To Protect Climate Money, Obama Stashed It Where It's Hard to Find (Bloomberg): President Donald Trump will find the job of reining in spending on climate initiatives made harder by an Obama-era policy of dispersing billions of dollars in programs across dozens of agencies -- in part so they couldn't easily be cut. There is no single list of those programs or their cost, because President Barack Obama sought to integrate climate programs into everything the federal government did. The goal was to get all agencies to take climate into account, and also make those programs hard to disentangle, according to former members of the administration. In some cases, the idea was to make climate programs hard for Republicans in Congress to even find.
Google names Houston top U.S. city for rooftop solar potential (Houston Business Journal): Houston may be the oil and gas capital of the world, but solar energy may be a better fit, according to a new report.

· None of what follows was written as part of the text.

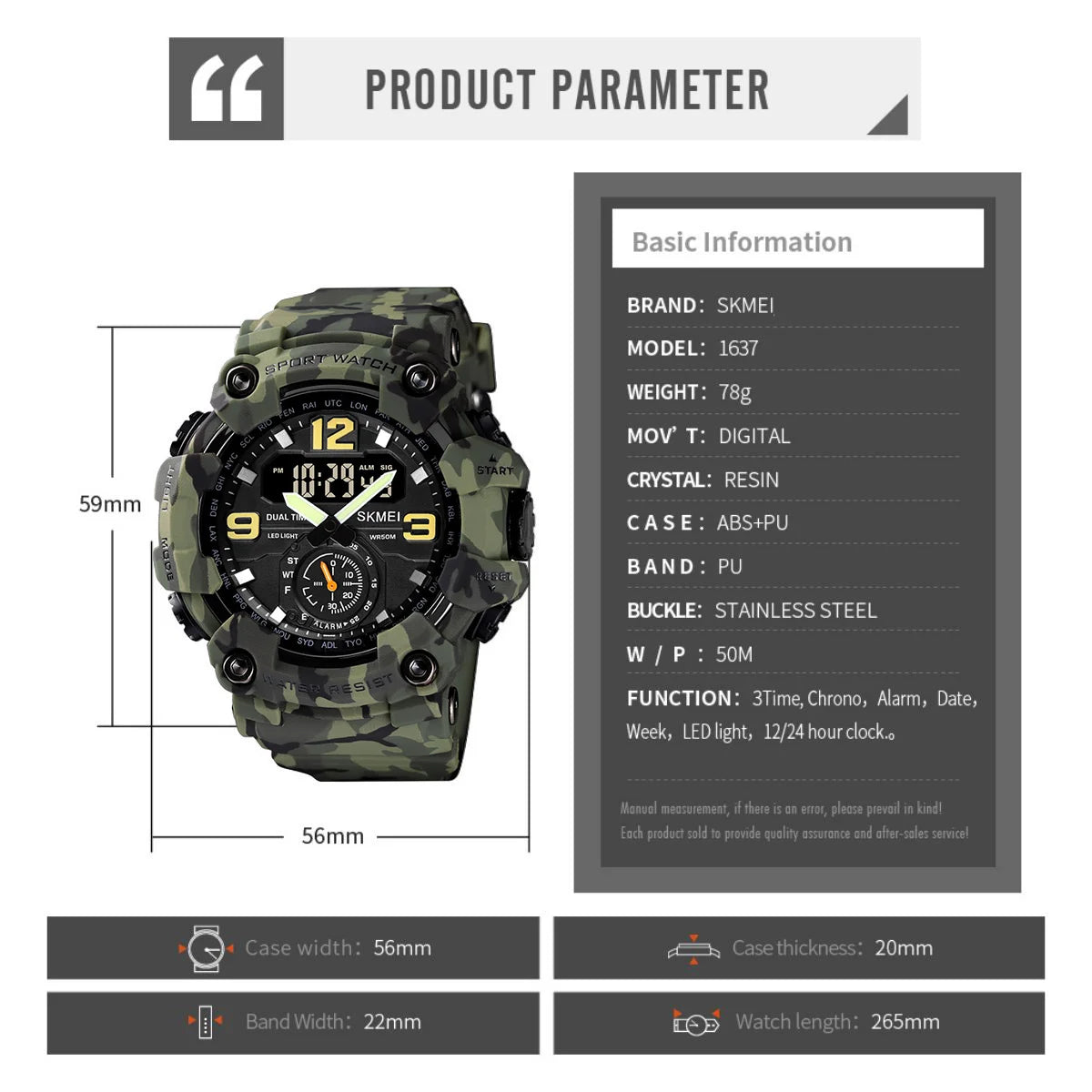 SKMEI Male Countdown Waterproof Electronics Watches 3 Time Digital Sports Wristwatches For Mens Women Fashion Alarm Date Watch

Google Inc. announced on March 14 an expansion of its Project Sunroof website, which shows how much money homeowners and property owners can save by installing solar panels on their roofs.

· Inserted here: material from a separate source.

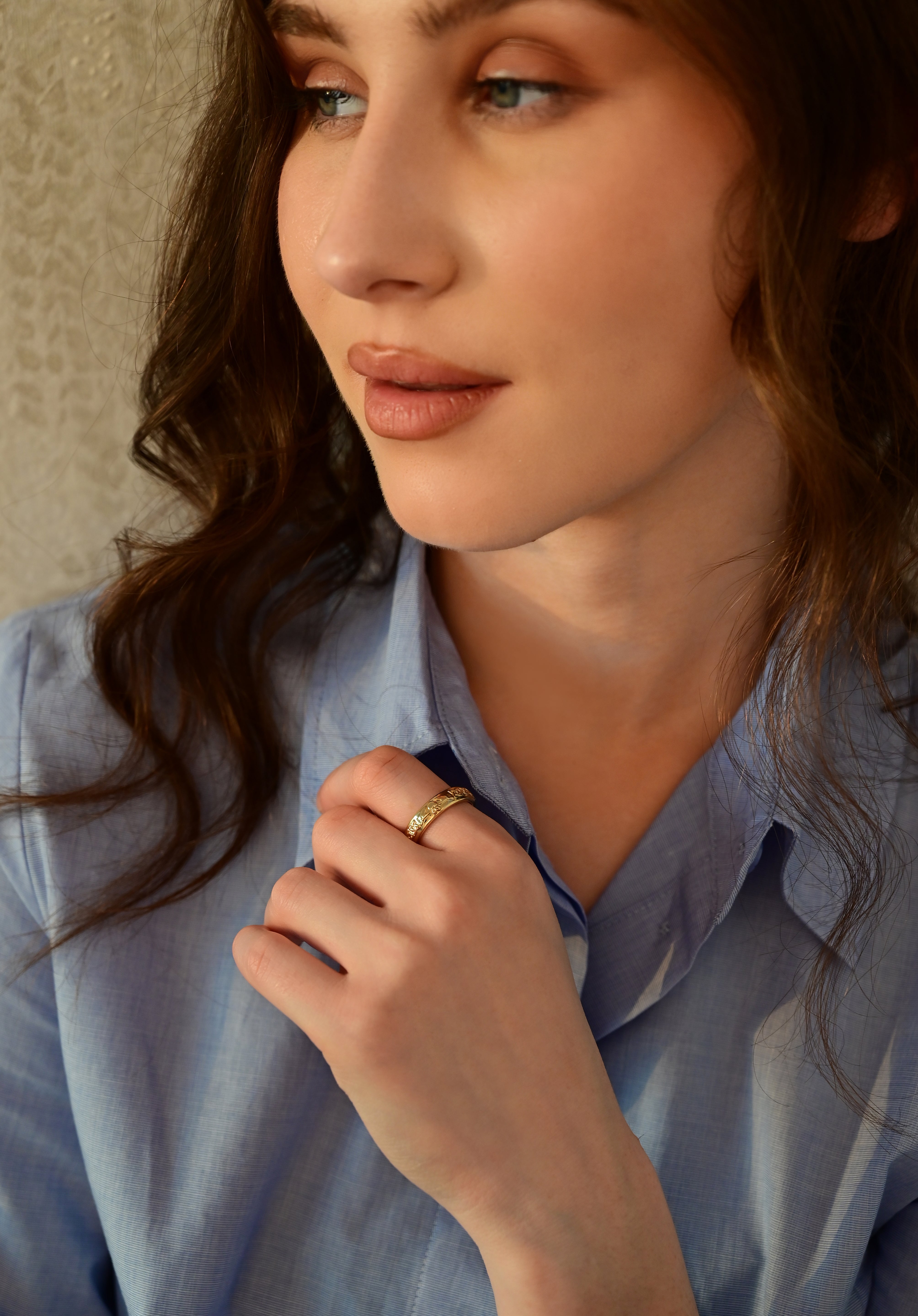 Gold Plated Claddagh Band Ring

Trump seeks to ax Appalachia economic programs, causing worry in coal country (Reuters): President Donald Trump has proposed eliminating funding for economic development programs supporting laid-off coal miners and others in Appalachia, stirring fears in a region that supported him of another letdown on the heels of the coal industry's collapse. The 2018 budget proposal submitted to Congress by the White House on Thursday would cut funds to the Appalachian Regional Commission (ARC) and the U.S. Economic Development Administration. The Washington-based organizations are charged with diversifying the economies of states like West Virginia and Kentucky to help them recover from coal's decline.

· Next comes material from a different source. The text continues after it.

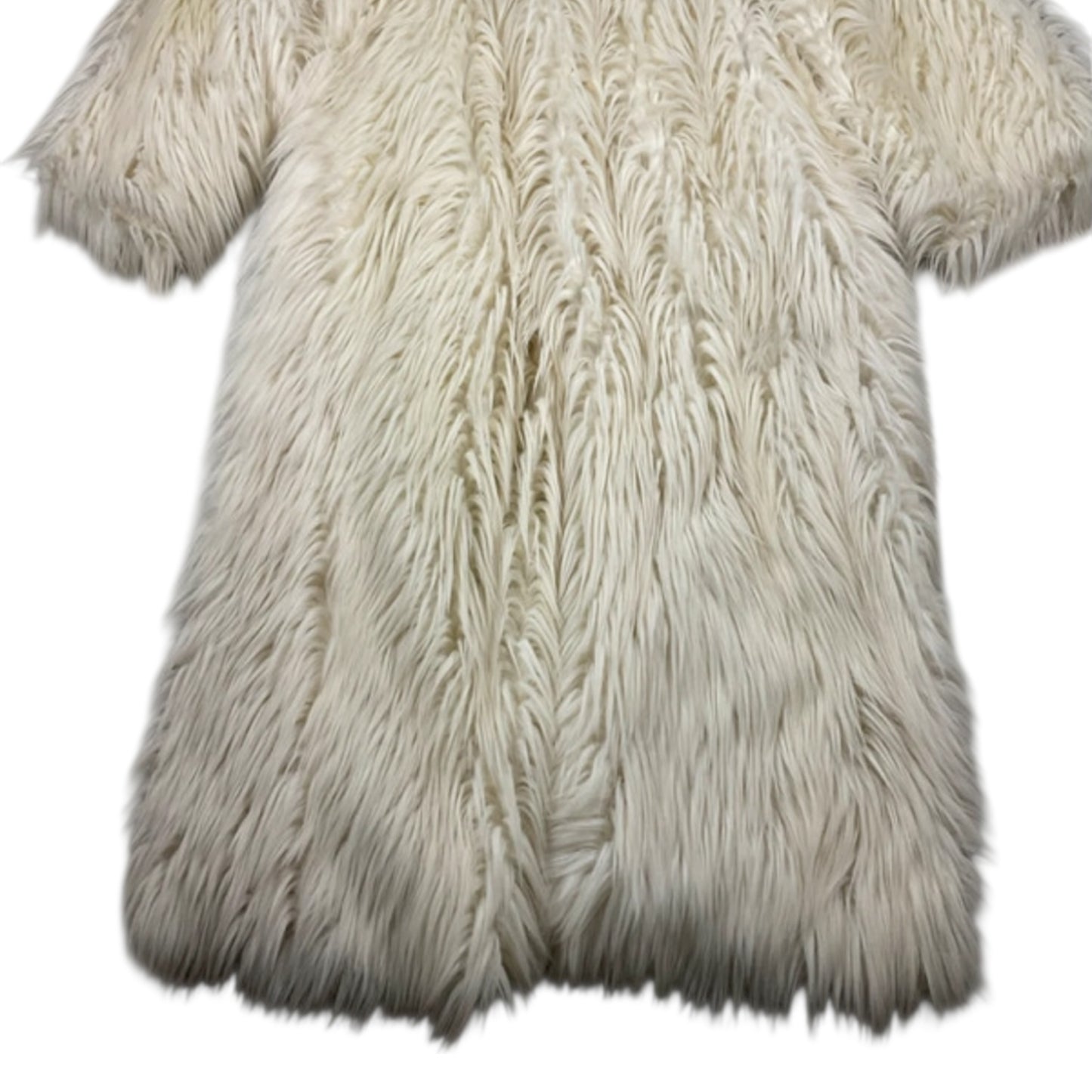 Vintage 90s Dolce&Gabbana afghan white maxi coat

Sungevity Cuts Staff by Two-Thirds as Downward Spiral Continues (Greentech Media): The residential solar company, ranked fifth for market share on GTM Research's PV Leaderboard, laid off 66 percent of its remaining workforce Thursday morning. The company had already cut dozens of workers in January after an expected merger fell through at the close of 2016, taking with it the promise of a $200 million cash infusion. Bankruptcy could be coming very soon, multiple sources at the company reported.